TRIBUNWOW.COM - Sebanyak lima ratus siswa madrasah diniyah (madin) dan guru menggelar unjuk rasa di kantor DPRD Kabupaten Pasuruan, Rabu (14/6/2017).
Unjuk rasa ini dilakukan merespons wacana sekolah lima hari atau Full Day School (FDS) yang akan diterapkan oleh Menteri Pendidikan dan Kebudayaan, Muhadjir Effendy.
Dengan mengendarai kendaraan bak terbuka dan motor, para siswa dan guru Madin ini memadati kantor DPRD Pasuruan, menggelar orasi dan doa bersama.
Dalam unjuk rasa tersebut, mereka menyampaikan penolakannya atas kebijakan sekolah lima hari (FDS) tersebut karena mengganggu jadwal Madrasah Diniyah (Madin).
Tunjukkan Data hingga Bumi Goyang Jika NU Marah! Inilah Fakta-fakta Penolakan Full Day School
Mereka juga menilai jika program tersebut akan membuat para pengajar Madin kehilangan pekerjaannya.
Padahal, para pengajar tersebut selama ini mengabdi dalam membentuk karakter siswa.
Aksi penolakan itu langsung dipimpin Ketua Lembaga Pendidikan Ma'arif (LPM) Pasuruan, KH Mujib Imron.
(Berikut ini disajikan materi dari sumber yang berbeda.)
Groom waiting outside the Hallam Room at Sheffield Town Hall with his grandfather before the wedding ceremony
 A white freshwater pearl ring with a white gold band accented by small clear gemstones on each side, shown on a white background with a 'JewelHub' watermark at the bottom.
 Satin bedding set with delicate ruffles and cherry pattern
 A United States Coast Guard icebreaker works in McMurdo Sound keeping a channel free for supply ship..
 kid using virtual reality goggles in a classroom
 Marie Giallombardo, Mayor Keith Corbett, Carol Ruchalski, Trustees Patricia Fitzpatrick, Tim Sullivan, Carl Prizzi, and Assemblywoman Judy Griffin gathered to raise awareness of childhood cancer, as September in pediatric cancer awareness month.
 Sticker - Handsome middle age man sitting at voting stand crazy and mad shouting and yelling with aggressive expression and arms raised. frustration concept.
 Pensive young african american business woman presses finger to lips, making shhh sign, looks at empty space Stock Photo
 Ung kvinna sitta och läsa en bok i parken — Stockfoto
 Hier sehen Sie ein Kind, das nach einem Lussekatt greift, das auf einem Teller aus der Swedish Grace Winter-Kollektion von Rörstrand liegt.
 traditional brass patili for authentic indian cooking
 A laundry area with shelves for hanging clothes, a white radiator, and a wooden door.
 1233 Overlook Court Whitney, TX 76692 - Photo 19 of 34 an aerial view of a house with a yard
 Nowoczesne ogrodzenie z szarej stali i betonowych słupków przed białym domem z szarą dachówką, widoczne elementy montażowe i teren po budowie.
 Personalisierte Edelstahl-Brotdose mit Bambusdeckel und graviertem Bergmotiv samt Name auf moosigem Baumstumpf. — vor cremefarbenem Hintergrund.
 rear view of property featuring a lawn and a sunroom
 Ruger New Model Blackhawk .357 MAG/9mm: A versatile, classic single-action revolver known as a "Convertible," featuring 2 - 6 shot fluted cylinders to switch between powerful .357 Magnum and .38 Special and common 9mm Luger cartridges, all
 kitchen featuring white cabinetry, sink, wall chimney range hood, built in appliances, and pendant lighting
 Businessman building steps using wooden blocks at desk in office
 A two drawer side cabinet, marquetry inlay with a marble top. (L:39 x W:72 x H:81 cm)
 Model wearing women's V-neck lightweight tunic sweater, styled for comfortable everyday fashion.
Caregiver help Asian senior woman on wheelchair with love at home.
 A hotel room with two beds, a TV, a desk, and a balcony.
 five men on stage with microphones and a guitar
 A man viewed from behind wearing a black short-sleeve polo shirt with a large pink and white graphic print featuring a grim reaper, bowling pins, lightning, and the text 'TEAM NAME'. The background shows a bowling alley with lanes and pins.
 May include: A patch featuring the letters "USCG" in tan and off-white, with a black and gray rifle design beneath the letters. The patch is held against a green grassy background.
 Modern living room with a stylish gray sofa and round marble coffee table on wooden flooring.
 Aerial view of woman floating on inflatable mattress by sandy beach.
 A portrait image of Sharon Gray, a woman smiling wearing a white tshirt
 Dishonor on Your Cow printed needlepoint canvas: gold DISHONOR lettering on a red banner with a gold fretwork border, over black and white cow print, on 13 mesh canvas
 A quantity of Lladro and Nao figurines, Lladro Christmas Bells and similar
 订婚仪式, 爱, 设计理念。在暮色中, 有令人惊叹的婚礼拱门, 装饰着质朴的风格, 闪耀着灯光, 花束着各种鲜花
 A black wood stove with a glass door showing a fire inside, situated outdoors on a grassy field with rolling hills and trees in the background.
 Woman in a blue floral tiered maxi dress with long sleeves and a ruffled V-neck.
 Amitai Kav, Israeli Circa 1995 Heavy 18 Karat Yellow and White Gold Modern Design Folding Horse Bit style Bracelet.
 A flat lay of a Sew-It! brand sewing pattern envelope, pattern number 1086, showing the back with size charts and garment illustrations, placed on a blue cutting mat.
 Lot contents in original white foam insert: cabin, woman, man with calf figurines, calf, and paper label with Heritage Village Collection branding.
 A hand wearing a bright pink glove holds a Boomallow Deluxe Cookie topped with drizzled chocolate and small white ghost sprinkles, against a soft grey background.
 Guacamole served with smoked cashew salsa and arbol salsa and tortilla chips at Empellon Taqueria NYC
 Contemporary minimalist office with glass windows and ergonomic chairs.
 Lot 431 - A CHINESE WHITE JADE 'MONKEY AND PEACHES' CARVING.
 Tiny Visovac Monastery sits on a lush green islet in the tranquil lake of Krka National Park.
Dalam orasinya, Mujib mengatakan jiak program 8 jam belajar di sekolah atau sekolah lima hari dapat mematikan eksistensi Madin yang berada di pondok pesantren.
Kebijakan tersebut, menurutnya juga memotong ruang interaksi bagi siswa dan lingkungannya.
"Seperti diketahui, di pesantren atau di kampung-kampung, pendidikan madrasah diniyah sudah berjalan bertahun-tahun. Kalau kemudian Mendiknas memberlakukan full day school selama 8 jam dan lima hari dalam sepekan, maka akan terpotong jam di madrasahnya," terang KH Abdul Mujib Imron.
DPRD Pasuruan mendukung tuntutan massa unjuk rasa
Sudiono Fauzan, selaku ketua DPRD Pasuruan yang menemui massa memberikan dukungan atas penolakan sekolah lima hari tersebut.
Menurutnya, Madin di Pasuruan telah menjadi program yang dilaksanakan tiap tahunnya dan memberi banyak manfaat untuk siswa dan masyarakat.
"Yang jelas adanya program Mendiknas tahun ini dapat mengganggu program wajib madin di Pasuruan," tegas Sudiono.